# Novice questions..



## Hooligans (Apr 18, 2020)

Hi all. Please bear with me as I try to decide how to handle my situation. I have property on an un-maintained road south of Fairbanks, AK. I need to get a little more self sufficient instead of relying on neighbors, which doesn't always work out. The job is about 1.5 miles of flat dirt road, fairly narrow, two plow passes max would clear it. We don't usually get significant snow events, just lots of small ones, a few inches at a time.

I have a 2015 Toyota Tacoma and a 1999 Chevy Silverado 1500. The property is 55 miles from my primary residence so I will be driving the plow down there and back numerous times per winter, as I don't live there full time.

Would you consider using a Tacoma for this kind of job? I've seen plenty of guys on this forum and others that use mini trucks, but my concern is the long distance driving with the plow mounted. 

I'm thinking the Chevy might be a better candidate, but I'm open to your suggestions based on experience that I don't have.

Thanks!
John


----------



## plow4beer (Nov 16, 2016)

Either truck will be fine....55miles isn’t terrible, just don’t be a hot rod....I suppose another option could be if theres anyway you can store the plow at the property?


----------



## Hooligans (Apr 18, 2020)

Thanks. Yeah, keeping it there would be ideal except for the rare event when I would need it just to get there. That's not likely. What is a bigger concern is theft. I'd really have to hide it.


----------



## EWSplow (Dec 4, 2012)

plow4beer said:


> Either truck will be fine....55miles isn't terrible, just don't be a hot rod....I suppose another option could be if theres anyway you can store the plow at the property?


@scottr ?


----------



## Randall Ave (Oct 29, 2014)

EWSplow said:


> @scottr ?


What he said, and if you go with the Chevy, get the heavy duty fan clutch installed.


----------



## Hooligans (Apr 18, 2020)

Okay, thanks for the feedback.


----------



## BUFF (Dec 24, 2009)

If you decide to drive to the property with the plow on you're going to want to keep it as low to the ground as possible for better airflow to the radiator early and late season.
A direct lift plow (Boss or SnoEx) would be the choice due to the plow not bouncing when you hit a frost heave. A chain lift plow will bounce going over frost heave's and other road surface interruption that compress and unload the vehicles suspension due the slack in the chain during those suspension cycles .


----------



## Hooligans (Apr 18, 2020)

Now THAT'S something I needed to know!
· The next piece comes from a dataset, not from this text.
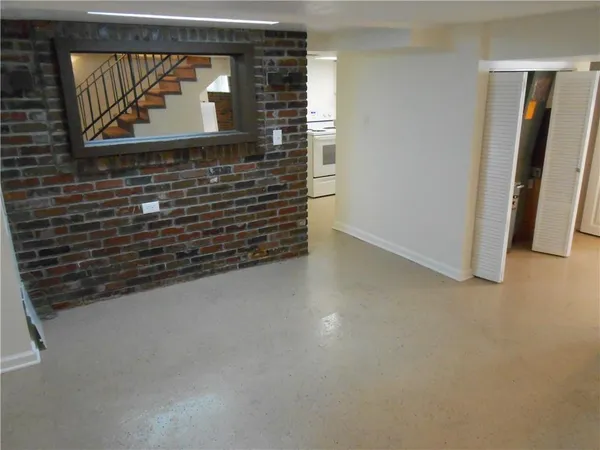 $2,000 | 1318 Oakridge Road, McDonald, PA 15057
Thanks BUFF! I' never would have thought of that about the chain kind.


----------



## BUFF (Dec 24, 2009)

Hooligans said:


> Now THAT'S something I needed to know! Thanks BUFF! I' never would have thought of that about the chain kind.


 Using chain lifts for decades and then having direct lift was night and day when traveling from site to site.


----------



## Hooligans (Apr 18, 2020)

Thanks for the info.


----------



## Mr.Markus (Jan 7, 2010)

On a light duty truck consider getting a trans oil cooler installed,


----------



## Hooligans (Apr 18, 2020)

Will do. Thanks.


----------